Charles Pépin, auteur de La rencontre, une philosophie* l’écrit ainsi : « il aurait suffi d’un rien et jamais peut-être leurs trajectoires ne se seraient croisées ». Ce même auteur appuie que la rencontre de l’autre nous est nécessaire car au-delà de nous faire découvrir l’amitié, voire l’amour, les rencontres nous révèlent à nous-mêmes. « J’ai besoin de rencontrer l’autre pour me rencontrer. Il me faut rencontrer ce qui n’est pas moi, pour devenir moi ». Dans son livre « La rencontre », Pépin nous décrit certains éléments de cette rencontre que je tente de transmettre ci-après en y ajoutant mon grain de sel, naturellement. Je vous offre donc un résumé de lecture commenté.

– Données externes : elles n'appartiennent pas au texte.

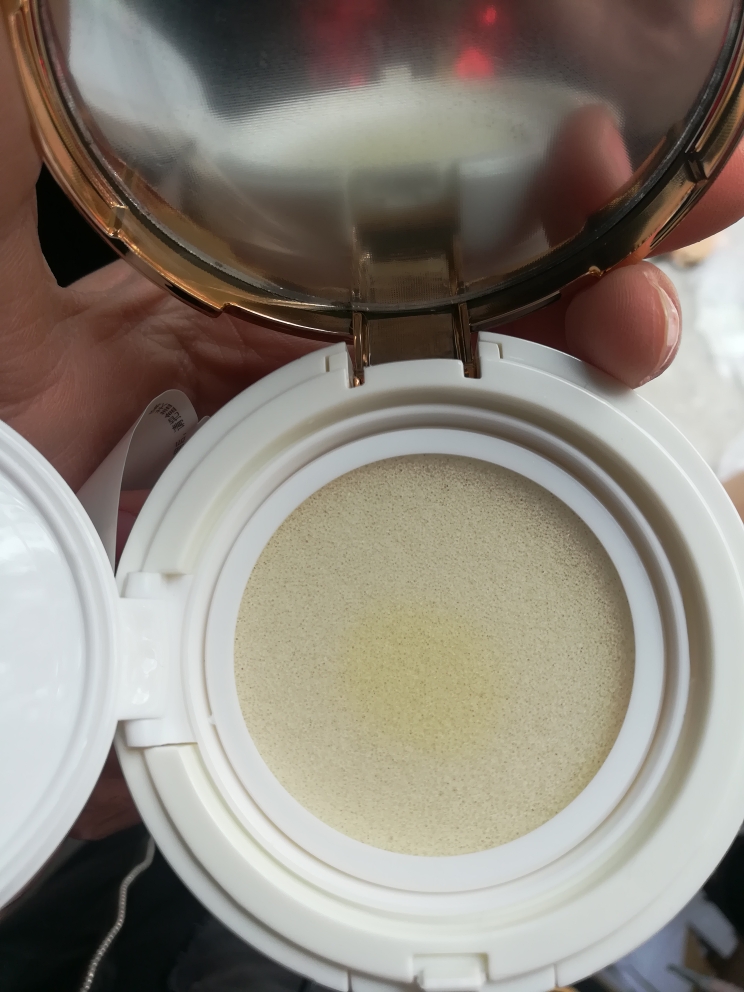 水润无瑕裸妆气垫BB霜好用吗什么牌子哪个国家的，亲自使用体验（以名人之名同款）,第5张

Les quatre premiers éléments sont les signes qu’une rencontre « est en train de se faire », alors que les trois derniers éléments témoignent des effets que la rencontre a produit. (p.119).

  1. Je suis troublé.e. « Rencontrer » signifie « être en contact ». Ce contact peut être un regard échangé, un rire partagé. Il est bien souvent alimenté par des confidences, des propos, qui, pour des raisons qu’on ignore, résonnent en nous. Tout d’un coup, j’ai envie de connaître ton histoire. Tu as envie de te raconter et j’ai celle de t’entendre te raconter, de saisir comment tu es différent de moi et, possiblement, comment nous sommes pareils. Notre rencontre me laisse tremblant.e, ému.e, profondément bouleversé.e. Je suis troublé.e.

  2. Je te reconnais. Je ne te connais pas et, en même temps, j’ai l’impression de te connaître, de te reconnaître. La fameuse phrase « j’ai l’impression qu’on se connaît », peut sembler galvaudée, mais elle témoigne de ce sentiment de « se reconnaître, alors qu’on ne se connaît pas… ou si peu ». La conversation est fluide, nous sommes bien ensemble, comme si nous nous connaissions de longue date. Même les silences sont confortables. Pépin écrit : « Nous nous sentons chez nous dans l’inconnu, c’est le signe que nous rencontrons quelqu’un ». (p.33)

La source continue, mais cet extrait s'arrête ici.